La sentenza si riferisce a una storia che, esattamente un anno fa, aveva diviso l’opinione pubblica sul tema. Il fatto accaduto è questo: l’ex hostess, oggi maestra, Barbara D’Astolto, nel 2018, si era rivolta al sindacalista della Cisl, Raffaele Meola, per chiedere assistenza per una vertenza per mobbing sul lavoro. Durante l’incontro, Meola aveva chiuso la porta della stanza e, posizionatosi alle spalle della donna, aveva messo in atto una serie di comportamenti sessualmente molesti palpeggiandole diverse parti del corpo fino ad arrivare al seno e infilare le mani fin dentro le mutandine con la scusa – incredibilmente vergognosa – di “tentare di confortarla e farla rilassare”. Barbara D’Astolto, si era ribellata, urlando e scappando, e aveva proceduto alla denuncia ai danni di Meola accusandolo di violenza sessuale. Nonostante l’episodio di violenza sia stato poi effettivamente riconosciuto e, con esso, anche le intenzioni e gli atti dell’uomo che – inequivocabilmente – voleva approfittare della donna, il tribunale di Busto Arsizio aveva assolto Meola in primo grado con l’attenuante di non avere assunto comportamenti idonei affinché la donna si potesse sentire “costretta”. La prova risiederebbe nel fatto che Barbara D’Astolto, prima di reagire, avrebbe impiegato più di 20-30 secondi: una finestra temporale considerata dai giudici troppo prolungata e che dunque avrebbe consentito alla donna di “potersi dileguare”. L’assoluzione era stata confermata anche nel secondo grado di giudizio, proponendo all’opinione comune una domanda nota alla letteratura femminista: qual è il tempo di una violenza sessuale? Esiste un tempo?

Oggi, la Cassazione, ribaltando completamente le due sentenze precedenti, introduce nella giurisprudenza una consapevolezza che nei movimenti femministi esiste già tempo e pazientemente si è culturalmente costruita: una violenza sessuale è sempre una violenza. Ed il tempo non esiste dal momento che la percezione (e la conseguente consapevolezza) sono soggettive.
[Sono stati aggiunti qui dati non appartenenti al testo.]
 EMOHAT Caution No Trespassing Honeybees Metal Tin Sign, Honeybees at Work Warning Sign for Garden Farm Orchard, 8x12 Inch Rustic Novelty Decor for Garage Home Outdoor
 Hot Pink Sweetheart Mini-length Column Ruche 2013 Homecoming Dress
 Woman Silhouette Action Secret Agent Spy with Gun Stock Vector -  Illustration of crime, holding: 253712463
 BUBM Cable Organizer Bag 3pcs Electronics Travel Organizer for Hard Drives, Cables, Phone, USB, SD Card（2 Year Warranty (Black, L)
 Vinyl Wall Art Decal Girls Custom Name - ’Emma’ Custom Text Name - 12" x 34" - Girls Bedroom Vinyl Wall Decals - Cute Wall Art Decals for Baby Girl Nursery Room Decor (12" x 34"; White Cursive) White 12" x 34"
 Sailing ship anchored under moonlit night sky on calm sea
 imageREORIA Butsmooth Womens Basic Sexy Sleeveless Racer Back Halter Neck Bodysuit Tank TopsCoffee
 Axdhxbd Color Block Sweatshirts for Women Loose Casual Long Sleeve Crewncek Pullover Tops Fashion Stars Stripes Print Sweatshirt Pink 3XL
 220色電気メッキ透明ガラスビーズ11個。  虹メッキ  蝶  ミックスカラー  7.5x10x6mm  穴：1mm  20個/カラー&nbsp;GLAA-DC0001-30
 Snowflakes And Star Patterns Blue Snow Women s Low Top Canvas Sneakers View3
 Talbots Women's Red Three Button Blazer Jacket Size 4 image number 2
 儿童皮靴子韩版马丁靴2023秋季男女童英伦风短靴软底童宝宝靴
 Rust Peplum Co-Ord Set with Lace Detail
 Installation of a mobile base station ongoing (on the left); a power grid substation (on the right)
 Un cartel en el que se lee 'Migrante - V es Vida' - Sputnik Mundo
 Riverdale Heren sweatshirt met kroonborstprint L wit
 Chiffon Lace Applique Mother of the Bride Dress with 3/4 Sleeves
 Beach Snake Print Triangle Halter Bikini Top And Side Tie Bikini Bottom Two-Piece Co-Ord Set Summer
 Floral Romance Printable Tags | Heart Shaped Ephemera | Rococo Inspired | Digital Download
L’avvocata dell’associazione Differenza Donna, Teresa Manente, legale di D’Astolfo, ha dichiarato che: “La Corte ha correttamente smentito ogni lettura basata sulla pretesa neutralità della mancata reazione immediata della vittima, affermando che il disorientamento e il blocco emotivo non annullano la violenza subita e nulla poteva far ritenere che la donna aveva manifestato il consenso”. Dunque è l’assenza di consenso ha determinare l’esistenza di un atto di violenza sessuale e non la misurazione del tempo.